That’s what appeared might happen as the underdog Catamounts took the opening kickoff and roared from their own 23-yard line to the Pirates 10 behind the passing and running of quarterback Tyrie Adams.
But instead of getting into the end zone and taking an early lead, WCU’s drive came to an abrupt end when Corey Seargent put a hit on an intended receiver along the near sideline, forcing the ball into the Simmons’ waiting arms for a turnover that — as far as
Montgomery is concerned — may have changed more than just the early momentum.
“I thought the turnover at the beginning of the game was such a huge play in the game and such a huge play in the season for their confidence and everything else,” the rookie Pirates coach said. “That was a great play by that kid.”
It got even better nine plays later when Nelson scampered into the end zone for the touchdown that got ECU off and running to an impressively lopsided victory.
“They were tempoing really well, coming really fast and attacking us all the way into our red zone,” Simmons said. “But like our coach says, if we’ve got a blade of grass to defend, we have to keep going hard.
“Honestly, I just finished off the play. Sarge made a great hit and I just kept playing to the whistle. That was a really big moment for us.”
But it was hardly the defense’s only moment.
Although the Pirates at times trouble corralling Adams, especially when he was forced to improvise, they did a solid job of holding WCU down. They were especially effective at limiting last year’s Southern Conference Player of the Year Detrez Newsome, who accounted for only 50 yards on the ground while averaging a pedestrian 3.1 yards per carry.
Despite crossing midfield into ECU territory on each of their first five possessions, the Catamounts were only able to muster a single touchdown. And that came after a shanked Worth Gregory punt set them up on the Pirates’ 32.
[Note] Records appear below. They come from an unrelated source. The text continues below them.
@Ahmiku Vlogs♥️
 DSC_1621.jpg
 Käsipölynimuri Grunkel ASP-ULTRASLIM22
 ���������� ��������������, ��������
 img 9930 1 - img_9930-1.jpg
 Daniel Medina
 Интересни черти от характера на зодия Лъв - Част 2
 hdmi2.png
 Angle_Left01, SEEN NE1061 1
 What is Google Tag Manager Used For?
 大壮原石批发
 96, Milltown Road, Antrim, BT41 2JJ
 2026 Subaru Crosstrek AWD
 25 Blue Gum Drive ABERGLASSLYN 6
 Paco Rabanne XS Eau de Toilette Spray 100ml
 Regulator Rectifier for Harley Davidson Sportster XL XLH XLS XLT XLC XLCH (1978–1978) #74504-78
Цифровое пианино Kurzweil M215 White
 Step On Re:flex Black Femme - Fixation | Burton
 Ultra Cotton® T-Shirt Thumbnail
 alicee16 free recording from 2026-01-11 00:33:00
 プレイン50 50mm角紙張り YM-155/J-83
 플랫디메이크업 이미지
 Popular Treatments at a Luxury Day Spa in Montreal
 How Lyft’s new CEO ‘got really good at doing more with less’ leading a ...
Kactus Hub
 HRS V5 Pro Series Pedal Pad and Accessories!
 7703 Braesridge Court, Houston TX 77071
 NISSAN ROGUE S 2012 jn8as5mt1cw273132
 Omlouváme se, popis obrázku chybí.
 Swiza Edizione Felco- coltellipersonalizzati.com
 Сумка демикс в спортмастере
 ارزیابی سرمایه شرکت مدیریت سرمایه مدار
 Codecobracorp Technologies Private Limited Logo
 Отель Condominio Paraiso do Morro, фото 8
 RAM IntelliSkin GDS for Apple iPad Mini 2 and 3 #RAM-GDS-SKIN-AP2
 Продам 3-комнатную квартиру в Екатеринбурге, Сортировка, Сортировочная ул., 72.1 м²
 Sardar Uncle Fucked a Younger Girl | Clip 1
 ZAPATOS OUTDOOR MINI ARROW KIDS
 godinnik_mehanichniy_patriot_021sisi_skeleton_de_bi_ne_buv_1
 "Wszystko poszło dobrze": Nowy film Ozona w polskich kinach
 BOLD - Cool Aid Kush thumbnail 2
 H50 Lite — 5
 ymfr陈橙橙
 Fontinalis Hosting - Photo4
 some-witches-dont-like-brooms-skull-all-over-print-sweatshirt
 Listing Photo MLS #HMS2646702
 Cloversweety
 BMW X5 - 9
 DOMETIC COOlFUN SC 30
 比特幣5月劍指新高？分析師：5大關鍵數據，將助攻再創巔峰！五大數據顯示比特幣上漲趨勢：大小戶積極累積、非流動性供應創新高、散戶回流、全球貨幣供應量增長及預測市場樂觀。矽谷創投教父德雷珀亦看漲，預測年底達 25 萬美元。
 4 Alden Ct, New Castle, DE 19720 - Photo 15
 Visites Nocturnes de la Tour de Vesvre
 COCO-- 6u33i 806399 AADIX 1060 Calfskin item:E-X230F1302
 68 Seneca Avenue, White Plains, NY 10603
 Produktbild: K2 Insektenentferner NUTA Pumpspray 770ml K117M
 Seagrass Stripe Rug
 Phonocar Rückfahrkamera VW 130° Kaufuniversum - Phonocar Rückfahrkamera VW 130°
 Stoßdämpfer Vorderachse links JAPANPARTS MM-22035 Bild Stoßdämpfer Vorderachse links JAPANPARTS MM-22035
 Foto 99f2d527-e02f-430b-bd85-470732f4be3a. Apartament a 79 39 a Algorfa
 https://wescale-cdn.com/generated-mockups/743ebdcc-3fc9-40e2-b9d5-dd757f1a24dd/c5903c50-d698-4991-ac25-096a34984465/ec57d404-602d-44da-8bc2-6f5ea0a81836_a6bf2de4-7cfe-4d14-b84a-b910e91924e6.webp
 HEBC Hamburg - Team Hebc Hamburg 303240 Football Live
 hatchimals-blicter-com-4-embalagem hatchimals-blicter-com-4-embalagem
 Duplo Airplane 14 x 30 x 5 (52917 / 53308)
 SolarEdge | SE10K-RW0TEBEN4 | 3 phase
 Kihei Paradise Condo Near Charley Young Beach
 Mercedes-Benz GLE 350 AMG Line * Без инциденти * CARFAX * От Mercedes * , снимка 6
Although the task will get exponentially more difficult next week against an N.C. State offense that put up 48 points in its opening victory Thursday, Saturday’s performance was an encouraging way to start for a unit that has often been ECU’s Achilles heel.
According to Montgomery, the key to his defense’s success against WCU was communication.
“We didn’t have communication errors out there tonight,” the coach said. “We were gap sound for the most part. What I liked is that we ran to the football and some guys made some plays. We had a tremendous amount of tackles for losses.”
ECU had six of them, to be exact, led by Yiannis Bowden’s two and Cam White’s 1.5. Though it’s the goal of new coordinator Kenwick Thompson to be more aggressive in attacking opposing offenses, outside linebacker Dayon Pratt said the job of he and his defensive mates was made much easier by the big numbers being put up by the Pirates’ offense.
“That took a little chip off our shoulder,” Pratt said of the 52 points his team scored. “Not to say we relaxed, but it settled us down and kept us focused.”